Aparte de la misa y situaciones angustiosas no necesitabas rezar. Todo mundo tenía una abuela o madre que lo hacía en su lugar. Rezar y echar bendiciones picoteando el pecho de sus hijos y nietos con las manos era parte de las numerosas funciones de las abnegadas mujeres mayores. Los jóvenes cedían de buen agrado esa tarea. La reputación de los hombres, permanentemente en vilo y necesidad de reafirmación, también dependía de ser receptor y no emisor de bendiciones.

Para los niños se llegaba siempre el momento de la primera comunión. Pero para ganarse aquel día de estreno, regalos, fotos y atenciones, debían pasar por las terribles clases de catecismo.
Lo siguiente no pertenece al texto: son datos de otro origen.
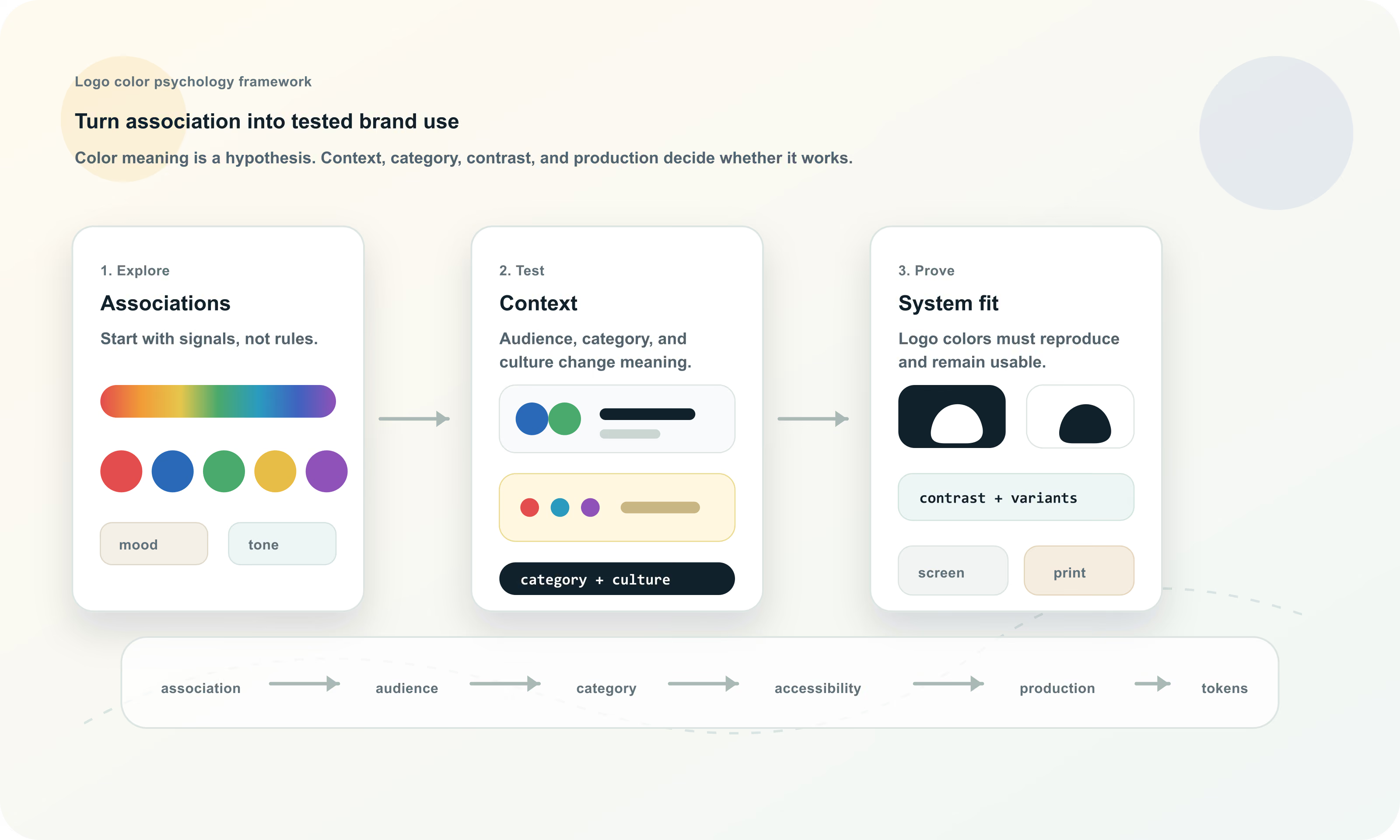 Diagram showing logo color psychology as a workflow from association to audience, category, culture, accessibility, production, and brand tokens.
Tan terribles, que ni siquiera el cura se involucraba mucho. El trabajo era cedido a una de las viejecitas devotas, quien nos hablaba con regla en mano sobre Adán y Eva, el infierno y sus llamas, el purgatorio y sobre gemir y llorar en valles de lágrimas.  Ahora pienso que de no ser por la cultura picaresca y chusca predominante, mi salud mental se habría visto comprometida. Resulta que nunca faltaba el par de niños atrevidos que constantemente murmuraban los abundantes chistes sobre adanes, evas, diablos, infiernos, san pedros y purgas. De modo que entre chistes, carcajadas, reglazos y bilis de la “niña” Isolina, el asunto se volvía más soportable.
 
En el consciente colectivo sí existía, sin embargo, el concepto de pecado, pero no todo calificaba para tanto. Mentir y robar no eran más que travesuras, la blasfemia era tan inexistente que hasta contábamos chistes de Cristo, y calumniar era más bien el pasatiempo predilecto de aquel pueblo chico. No, al parecer lo único que calificaba para pecado era … eso … sí, esa llamativa palabra de cuatro letras: s-e-x-o.
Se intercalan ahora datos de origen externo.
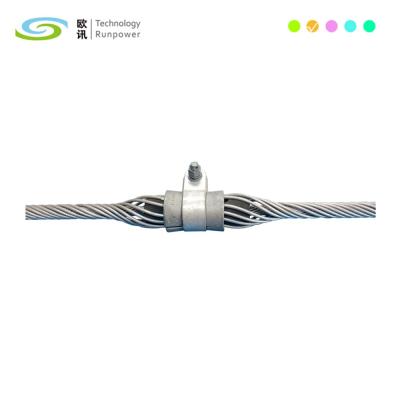 China High quality preformed cable suspension clamp for ADSS ACL for sale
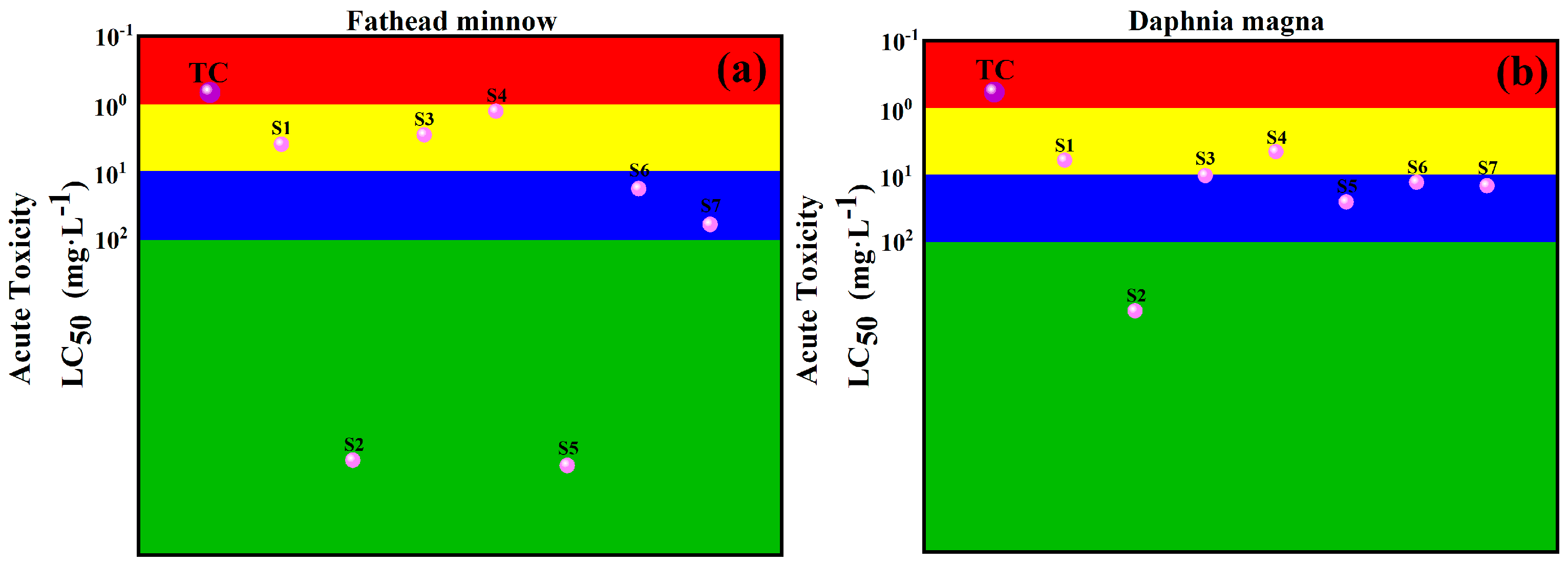 Catalysts 15 00486 g008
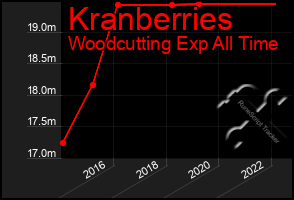 Total Graph of Kranberries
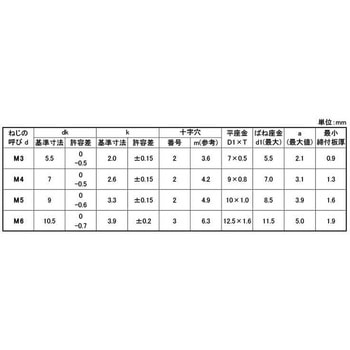 クロメ-ト (+)ナベI=3(ウスイタ 大阪魂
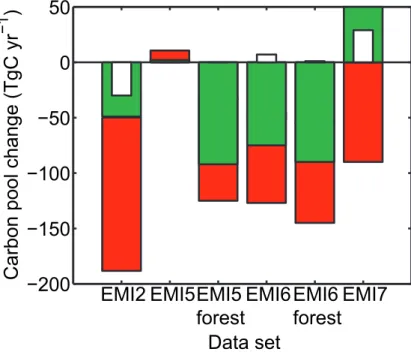 Figure 4. Comparison of carbon stock changes (TgC yr -1 ) for EMI2, EMI5, EMI6 and 1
Las viejecitas de iglesia parecían ser, no sólo las más interesadas en aquel monocromático concepto de pecado, sino parecían también ser las únicas personas auténticamente interesadas en religión. Su erudición al respecto les hacía conocer de misterios gozosos, dolorosos y gloriosos. Eran las únicas capaces de rezar rosarios.

¿Y por qué traigo a cuenta todo esto?

Porque creo percibir que desde los años setenta hacia acá ha existido un movimiento hacia el fundamentalismo religioso en el mundo entero, no sólo en las sociedades islámicas (de las cuales hablaré más adelante). Ahora ya se escucha jóvenes y hasta niños hablando en un lenguaje que antes era exclusivo de viejecitas de iglesia. ¿Me molesta esto “per se”? Por supuesto que no. Si dicho fenómeno estuviera acompañado por un movimiento hacia sociedades más justas, éticas, seguras e iluminadas, yo sería el primero en aplaudir. Pero ¿está eso sucediendo? Yo diría que no, todo lo contrario.